But markets don’t reward growth alone. They reward quality of growth, cash discipline, and capital allocation sanity.
Veefin
currently looks like a student who topped college but forgot to submit hostel receipts. Let’s see why.
3. Business Model – WTF Do They Even Do? (Explained for Lazy Smart People)
Imagine a PSU bank manager who still uses Excel 2007. Veefin sells him software so that:
- Loans don’t take 6 months
- Vendors get paid
- MSMEs don’t cry
- And auditors stop yelling
a) Transaction Banking (The Cash Cow 🐄)
This includes:
- Supply Chain Finance (SCF)
- Trade Finance
- Cash Management
- Internet Banking modules
SCF margins are ~54%. This is elite territory. Think SaaS meets toll booth. Veefin claims its SCF platform supports $40+ billion of annualised transactions. That’s not Veefin’s revenue — that’s flow volume. They skim fees.
Sticky clients. Long relationships (>7 years).

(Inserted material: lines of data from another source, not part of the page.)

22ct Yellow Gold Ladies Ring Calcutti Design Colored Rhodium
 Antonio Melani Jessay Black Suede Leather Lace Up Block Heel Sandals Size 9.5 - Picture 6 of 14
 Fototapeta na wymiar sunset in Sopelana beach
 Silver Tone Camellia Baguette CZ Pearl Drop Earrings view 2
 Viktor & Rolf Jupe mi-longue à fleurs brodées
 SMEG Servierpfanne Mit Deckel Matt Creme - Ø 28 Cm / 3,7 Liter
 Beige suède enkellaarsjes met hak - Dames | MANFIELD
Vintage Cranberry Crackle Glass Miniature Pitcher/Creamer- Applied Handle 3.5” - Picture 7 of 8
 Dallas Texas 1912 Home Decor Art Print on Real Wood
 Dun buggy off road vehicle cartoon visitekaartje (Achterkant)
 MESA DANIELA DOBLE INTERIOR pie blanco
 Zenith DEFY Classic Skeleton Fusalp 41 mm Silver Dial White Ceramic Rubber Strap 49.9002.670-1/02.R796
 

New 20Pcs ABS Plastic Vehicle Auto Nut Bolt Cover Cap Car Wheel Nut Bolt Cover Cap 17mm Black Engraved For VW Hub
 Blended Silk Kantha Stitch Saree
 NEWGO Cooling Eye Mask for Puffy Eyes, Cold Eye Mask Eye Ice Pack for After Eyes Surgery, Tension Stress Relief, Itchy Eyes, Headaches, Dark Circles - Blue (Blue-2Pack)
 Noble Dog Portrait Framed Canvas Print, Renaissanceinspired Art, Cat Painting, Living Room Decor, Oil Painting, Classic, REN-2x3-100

Banks hate switching core systems. Once installed, you’re married.
b) Lending Lifecycle Solutions (~40%)
LOS/LMS, collections, fraud detection, GenAI tools.
This is more competitive. Everyone and their VC-backed cousin is here. But Veefin’s edge is deep PSU integration, not fancy UI.
c) PSB Xchange – Sarkari Fintech with Teeth
A digital marketplace exclusively for Public Sector Banks, corporates, and MSMEs.
Pipeline: ₹3,000+ Cr loans
This is not a joke app. It has CXO appointments, board focus, and regulatory blessing.
If this scales, Veefin becomes infra, not software.